Und zwar hat mein Mainboard (GIGABYTE GA-Z97X-Gaming-5-Mainboard), soweit ich weiß,  lediglich einen einzigen 4 pol. Steckplatz, der eine PWM-Signalmodulation unterstützt. Dort habe ich dann die Lüftung der CPU eingesteckt, da in der Gebrauchsanweisung stand, dass der CPU Lüfter dort eingesteckt werden muss, damit dieser sich selbständig regulieren kann. 
Dementsprechend konnte ich den PWM HUB dort nicht mehr einstecken und musste ihn in einen anderen 4 pol. Anschluss, ohne PWM-Siganlmodulation, des Mainboards einstecken, obwohl es auch bei diesem hieß, dass dieser in einen 4 pol. Anschluss muss, der eine PWM-Signalmodulation unterstützt. 

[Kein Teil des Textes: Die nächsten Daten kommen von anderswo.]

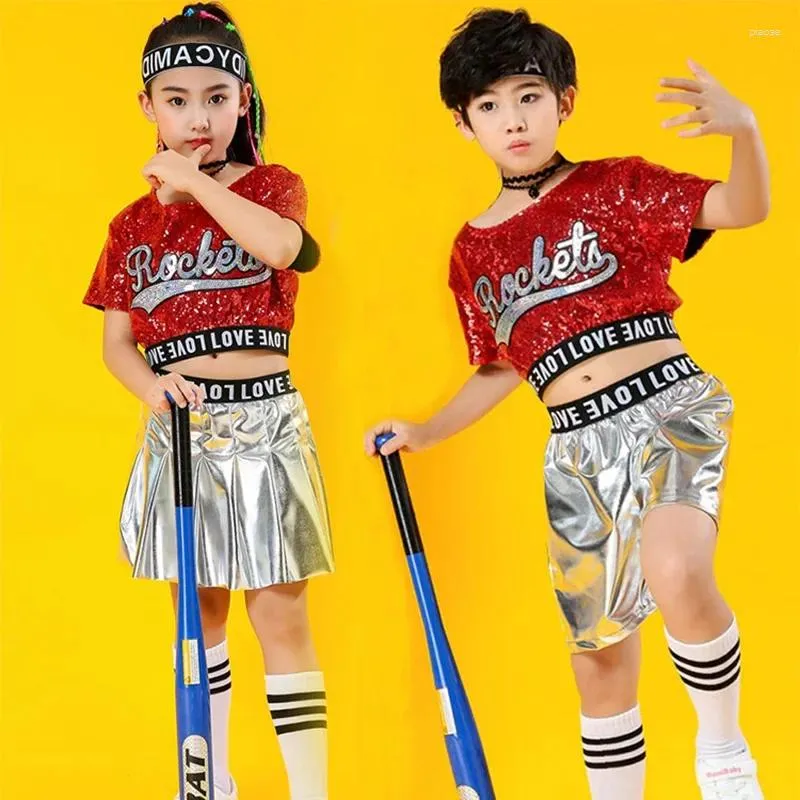 Scene Wear Boy Girl Jazz Dance Costumes For Girls Cheerleader Clothes Kid Hip Hop Paljett Suit Child Ballroom Dancing Set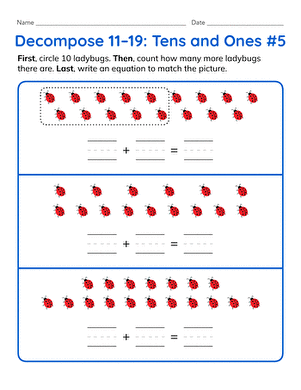 Decompose 11-19: Tens and Ones #5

Nun zu meiner Frage. Ist es richtig, wenn ich nun den PWM HUB in den 4 pol. Anschluss des Mainboards stecken, der eine PWM-Signalmodulation unterstützt, und dann den 4 pol. Stecker des CPU Lüfter an den ersten 3 pol. Steckplatz des PWM HUB stecken? Werden dann alle Lüfter anhand des CPU Lüfter geregelt?

Oder wie schließt man denn einen PWM HUB richtig an?

Ich hoffe ihr versteht worauf ich hinaus will. Ansonsten einfach nochmal nachfragen, wenn etwas unverständlich formuliert ist oder Informationen fehlen.

Vielen Dank schon mal im Voraus


----------



## Pos-Pit (26. Mai 2016)

*AW: PWM HUB richtig anschließen*

Ja das kannst du machen wenn der 4 pol steker ind den3 pol hub Passt.


----------



## Pos-Pit (26. Mai 2016)

*AW: PWM HUB richtig anschließen*

Ja und es werden alle lüfter dann über die cpu lüfter Steurung geregelt was ja nicht unbedingt schlecht ist


----------



## marvinj (26. Mai 2016)

*AW: PWM HUB richtig anschließen*

Ich habe meinen PWM Hub von Phanteks an einen 4 Pin und 3 Pin angeschlossen. Ergebnis war dasselbe. Mainboard regelt die Lüfter entsprechend des ersten Lüfters des Hubs und die anderen werden über dieselbe Spannung versorgt, aber ggf. mit nterschiedlucher Drehzahl.
Ich würde den Hub nicht an den CPU Lüfteranschluss klemmen.
Alle 4 Pin Lüfter können auch mit 3 Pins betrieben werden.
Hast du den PWM Hub mit z.B. einem 4 Pin Molex oder SATA Stromanschlsus angeschlossen? Wenn ja, werden Dauerhaft 12V -> 100% angelegt, und die MB Regelung wird umgangen. Im 3 Pin Betrieb also nur die Spannungsversorgung über das Mainboard (3 Pin Asnchluss schafft etwa 20Watt(3-4 Lüfter) ohne zusätzliche Anschlüsse


----------



## GrueneMelone (26. Mai 2016)

*AW: PWM HUB richtig anschließen*

Kurzer Tipp da ich das Board auch habe. Nimm für den Hub einfach den CPU opt anschluss direkt neben dem normalen CPU-Anschluss. Soweit ich weiß ist der auch richtig 4-PIN PWM.


----------



## Faxe007 (26. Mai 2016)

*AW: PWM HUB richtig anschließen*

Ich würde nach einer anderen Lösung suchen: Der CPU Lüfter regelt bei Belastung sehr schnell hoch und runter. Wenn jetzt mehrere Lüfter quer im Gehäuse auf die selbe Drehzahl geregelt werden dann ist das unangenehm weil alle Lüfter nervös rauf und runter föhnen....


----------



## Fafafin (26. Mai 2016)

*AW: PWM HUB richtig anschließen*

Die 3 Sysfan-Anschlüsse des Mainboards können kein PWM sondern nur Spannungsregelung. Daher ist ein PWM-Hub fehl am Platze. Du könntest die 3 Gehäuselüfter direkt an den 3 Sysfan-Anschlüssen des Mainboards anschließen und separat in der Drehzahl steuern.


----------



## Gio14 (1. Dezember 2018)

*AW: PWM HUB richtig anschließen*

Wo musste ich denn dann meinen Hub anschließen der bei dem Bequiet Silent base 801 integriert war?


----------